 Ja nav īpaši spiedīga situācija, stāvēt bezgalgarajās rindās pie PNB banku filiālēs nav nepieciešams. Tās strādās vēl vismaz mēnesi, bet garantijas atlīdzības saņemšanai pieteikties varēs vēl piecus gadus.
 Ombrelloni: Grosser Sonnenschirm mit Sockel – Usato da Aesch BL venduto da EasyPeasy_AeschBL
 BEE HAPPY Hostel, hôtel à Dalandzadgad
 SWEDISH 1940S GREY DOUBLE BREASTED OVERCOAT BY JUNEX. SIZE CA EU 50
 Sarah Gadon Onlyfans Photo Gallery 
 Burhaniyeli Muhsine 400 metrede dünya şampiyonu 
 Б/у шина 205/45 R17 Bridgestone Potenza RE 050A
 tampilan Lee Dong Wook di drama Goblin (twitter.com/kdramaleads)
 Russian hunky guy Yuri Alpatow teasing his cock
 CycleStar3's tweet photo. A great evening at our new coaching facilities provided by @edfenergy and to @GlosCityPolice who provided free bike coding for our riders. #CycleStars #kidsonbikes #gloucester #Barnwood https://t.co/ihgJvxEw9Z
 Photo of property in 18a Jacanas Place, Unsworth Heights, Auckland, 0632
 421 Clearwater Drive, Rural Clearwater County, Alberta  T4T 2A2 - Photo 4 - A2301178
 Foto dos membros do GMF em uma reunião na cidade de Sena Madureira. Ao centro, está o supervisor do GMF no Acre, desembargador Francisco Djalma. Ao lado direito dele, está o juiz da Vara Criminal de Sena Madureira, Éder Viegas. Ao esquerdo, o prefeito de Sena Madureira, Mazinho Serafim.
________
Work to complete:
The reply should hold only the lines of the listing above starting at the line containing "CycleStar3's tweet photo." and ending at the line containing "Photo of property", exactly as written.

Answer section:
 CycleStar3's tweet photo. A great evening at our new coaching facilities provided by @edfenergy and to @GlosCityPolice who provided free bike coding for our riders. #CycleStars #kidsonbikes #gloucester #Barnwood https://t.co/ihgJvxEw9Z
 Photo of property in 18a Jacanas Place, Unsworth Heights, Auckland, 0632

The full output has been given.